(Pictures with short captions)
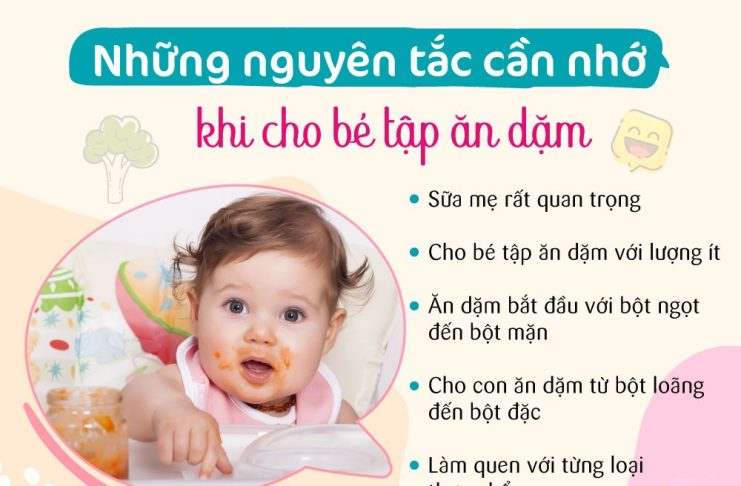 Hướng dẫn mẹ cách dạy bé tập ăn dặm chuẩn khoa học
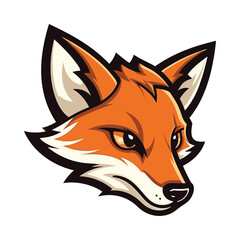 Fox head mascot. Logo design. Illustration for printing on t-shirts.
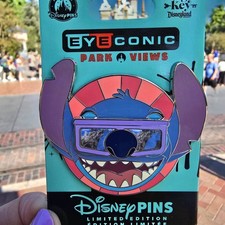 Disney 2026 Eyeconic Stitch Park Views LE 3000 Magic Key Quarterly Pin 4 Of 4 picture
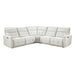 Homelegance - Salida 5 Piece Modular Power Reclining Sectional in White - 9444HMP*5SCPWH - GreatFurnitureDeal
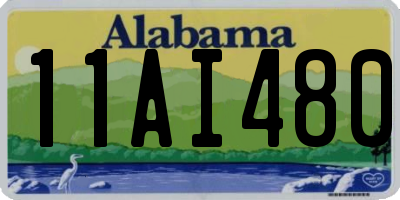 AL license plate 11AI480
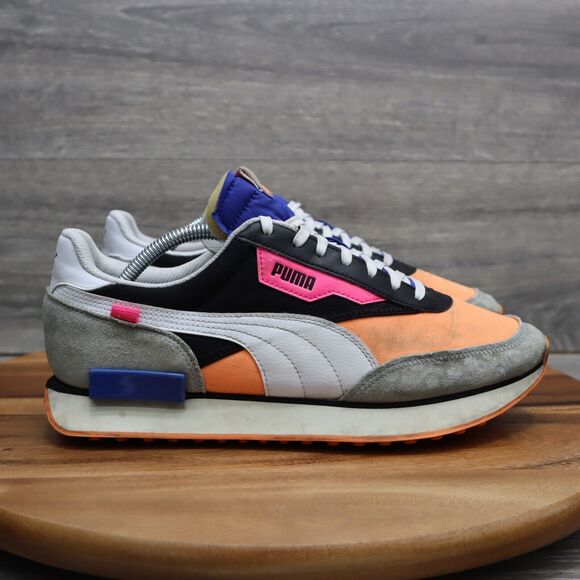 Puma Shoes Mens 10.5 Black Orange Gray Future Rider Play On Active Sneakers main image 9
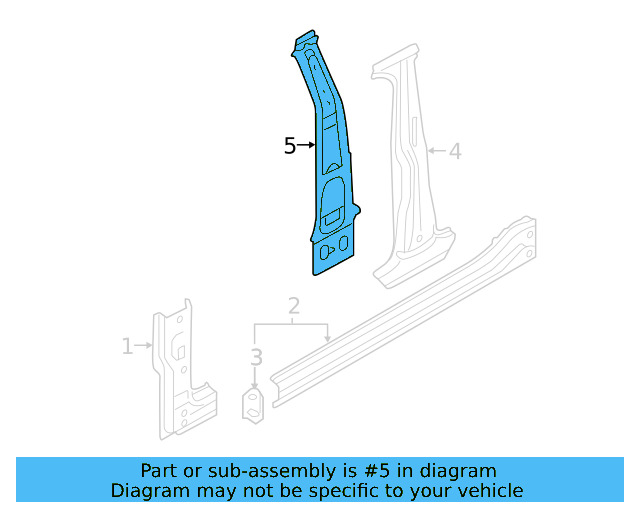 Inner Center Pillar 5G4-809-444 - View 9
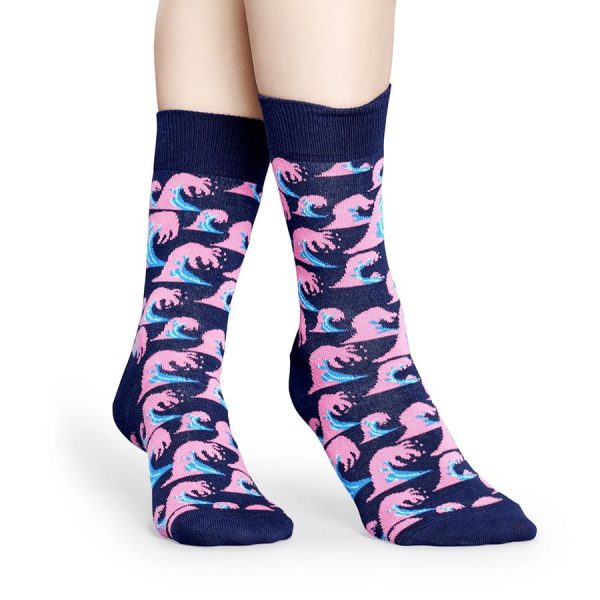 Happy Socks Wave Sok - Donkerblauw Heren & Dames kopen?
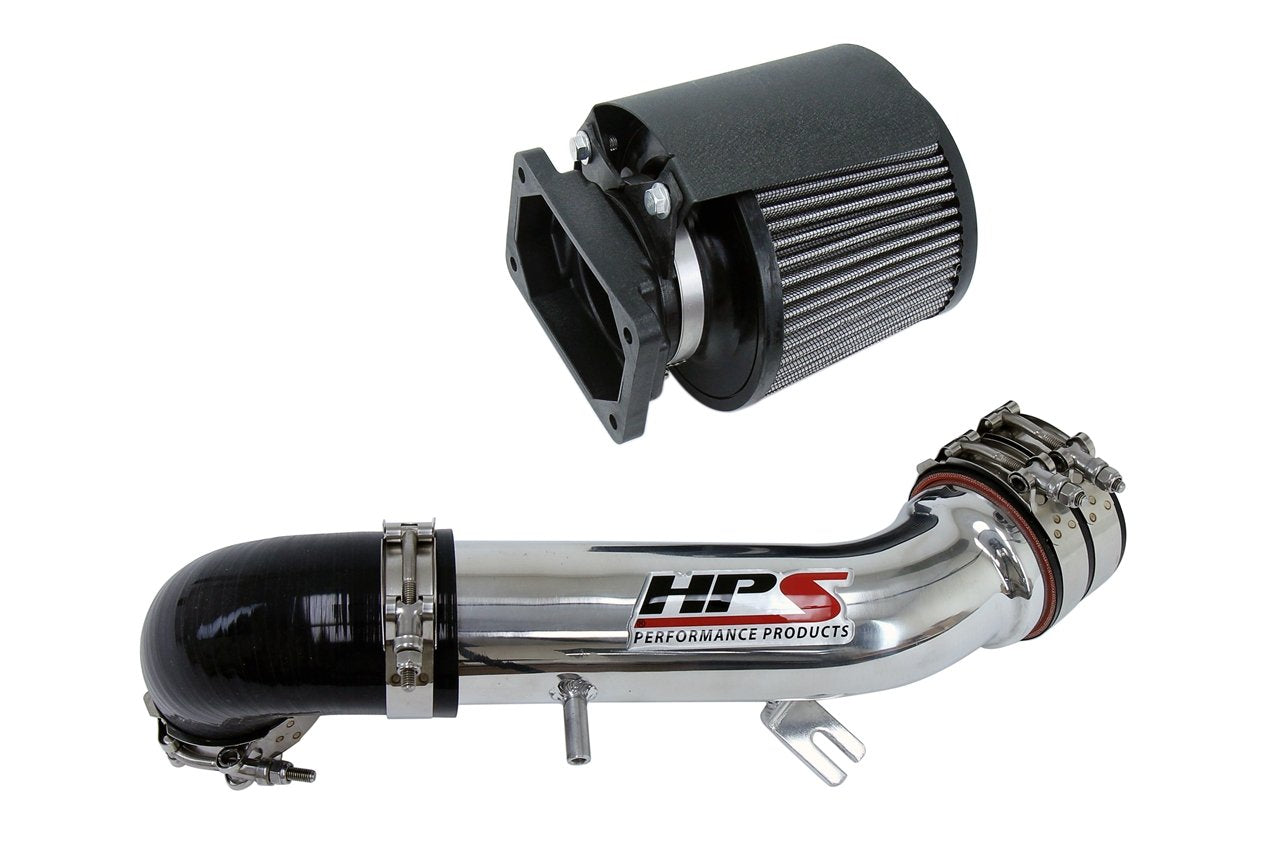 HPS Shortram Air Intake Kit 2001-2003 Chrysler Sebring Lxi 3.0L V6, Includes Heat Shield, Polish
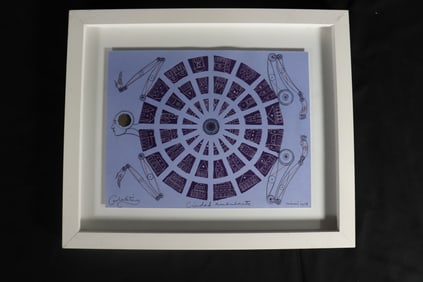 Framed Mixed Media on Paper signed Carlos ESTEVEZ (Cuban born in 1969) and dated 2015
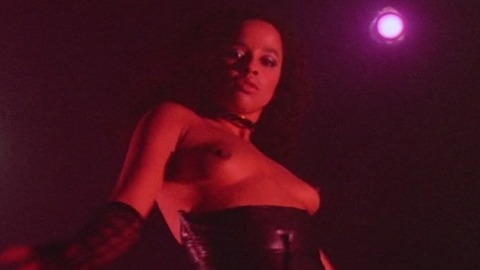 Rae Dawn Chong in Fear City (1984) Breasts Thong Black Black Corset 785613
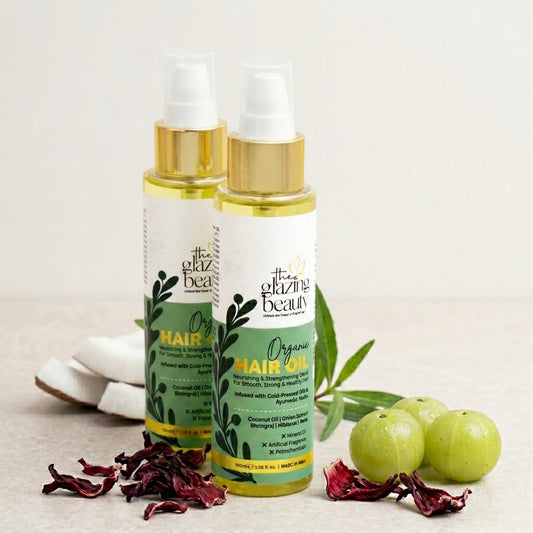 Organic Hair Growth Oil For Men and Women- Pack Of 2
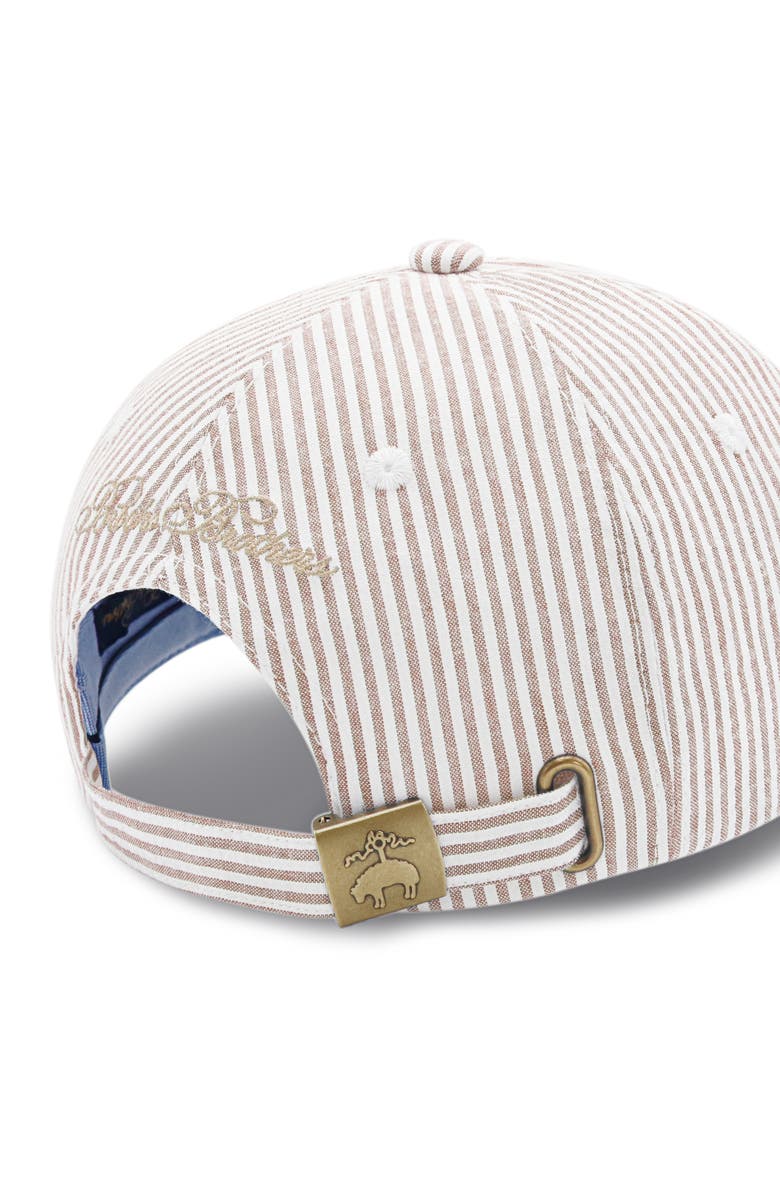 Brooks Brothers Stripe Seersucker Baseball Cap, Alternate, color, Camel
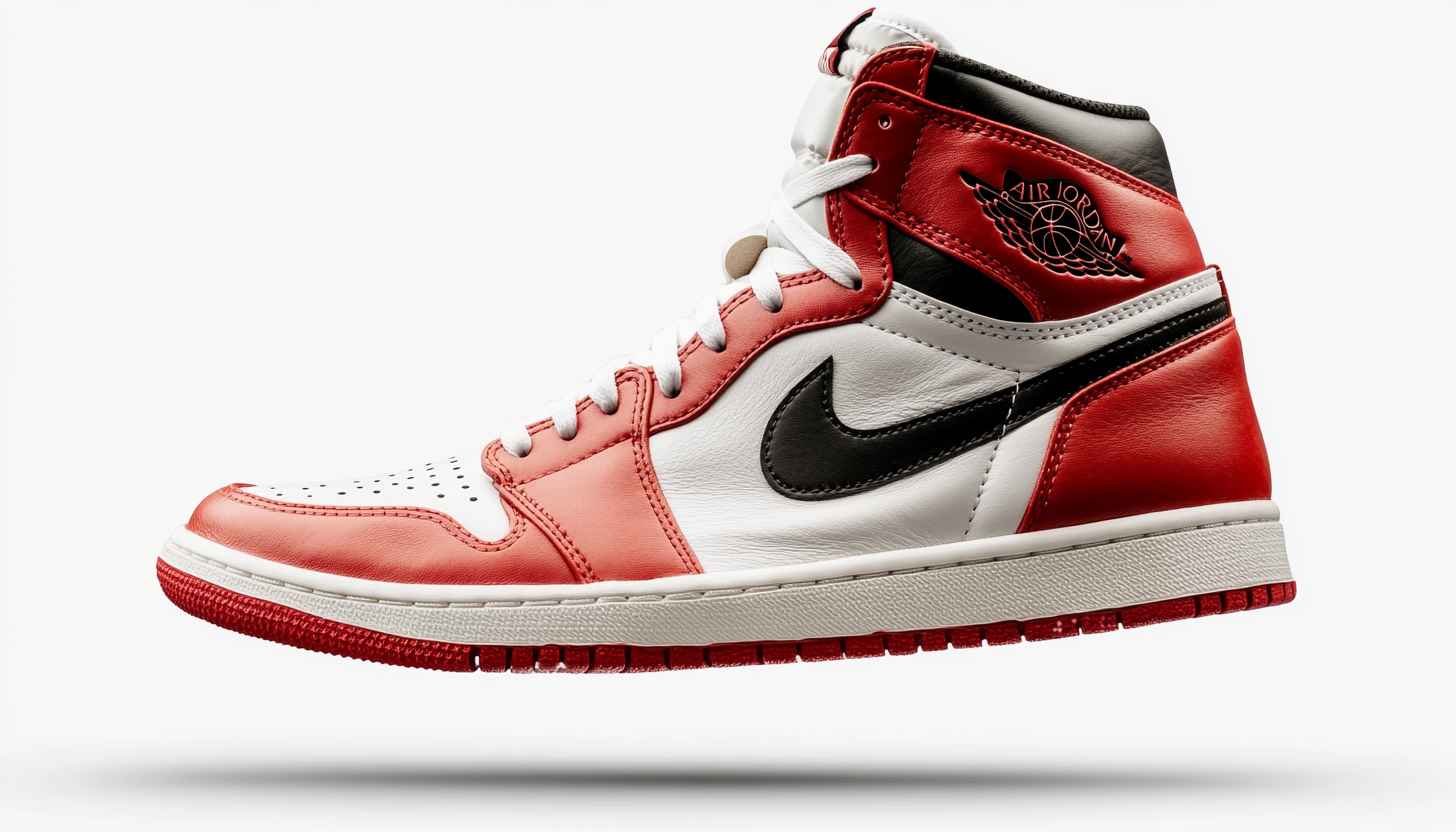 Air Jordan 1 High Retro Red White 4K Wallpaper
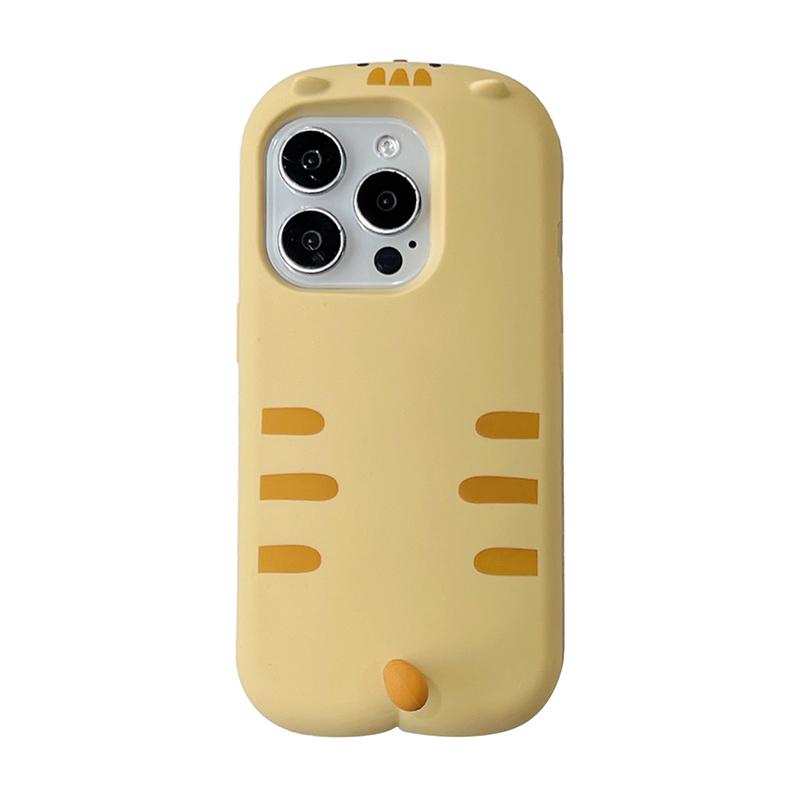 Sweet Cute 3D Cat Tail Yellow Silicone Phone Case For iPhone 16 17 Pro Max 13 15 14 Plus Soft Shockproof Back Cover Shell iPhone17 Pro
Sweet Cute 3D Cat Tail Yellow Silicone Phone Case For iPhone 16 17 Pro Max 13 15 14 Plus Soft Shockproof Back Cover Shell iPhone17 Pro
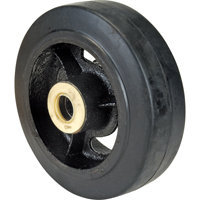 橡胶轮子,6“Dia(152毫米)。x 2”(51毫米)W, 550磅。(249公斤)。能力MH296 | TENAQUIP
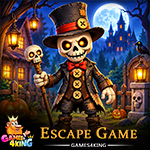 Bonebutton Man Escape Games4King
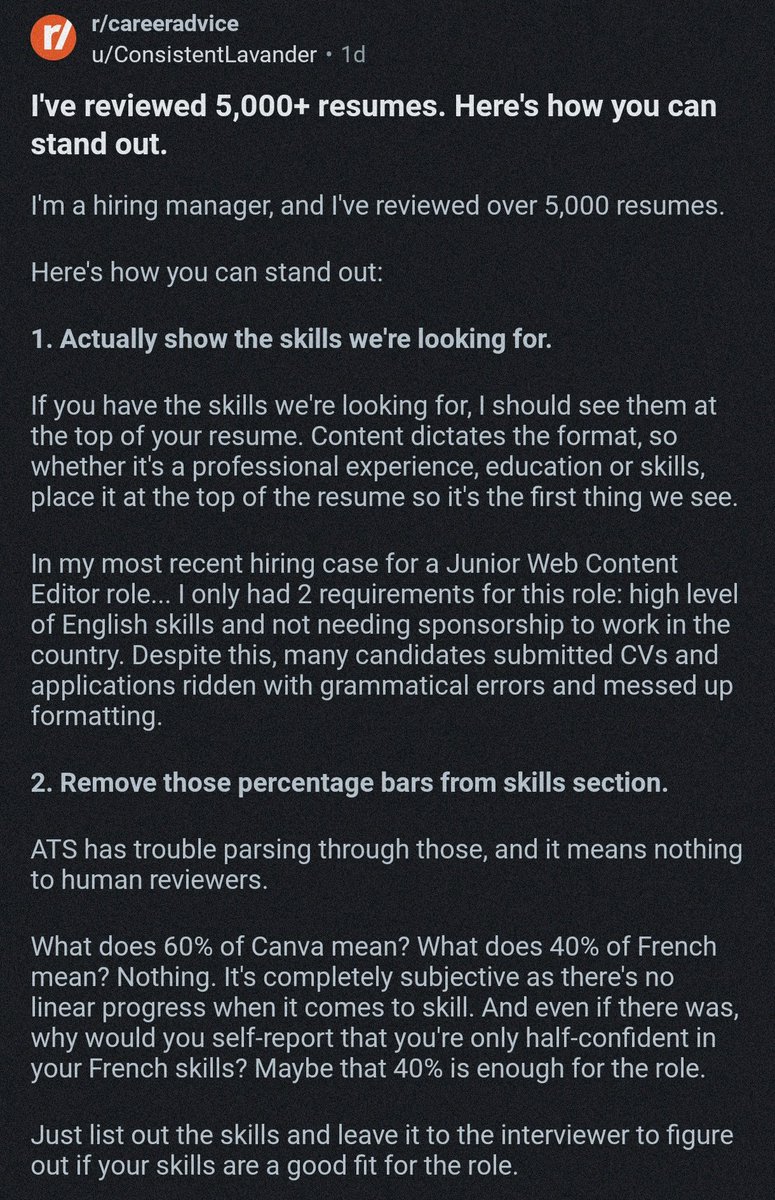Menarik jugak tips dari hiring manager ni untuk job application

## Your task
From the records above, give again only the part that opens with the line containing "Homelegance - Salida" and closes with the line containing "HPS Shortram Air". Keep both ends but drop the pictures.

## Completed task
 Homelegance - Salida 5 Piece Modular Power Reclining Sectional in White - 9444HMP*5SCPWH - GreatFurnitureDeal
 AL license plate 11AI480
 Puma Shoes Mens 10.5 Black Orange Gray Future Rider Play On Active Sneakers main image 9
 Inner Center Pillar 5G4-809-444 - View 9
 Happy Socks Wave Sok - Donkerblauw Heren & Dames kopen?
 HPS Shortram Air Intake Kit 2001-2003 Chrysler Sebring Lxi 3.0L V6, Includes Heat Shield, Polish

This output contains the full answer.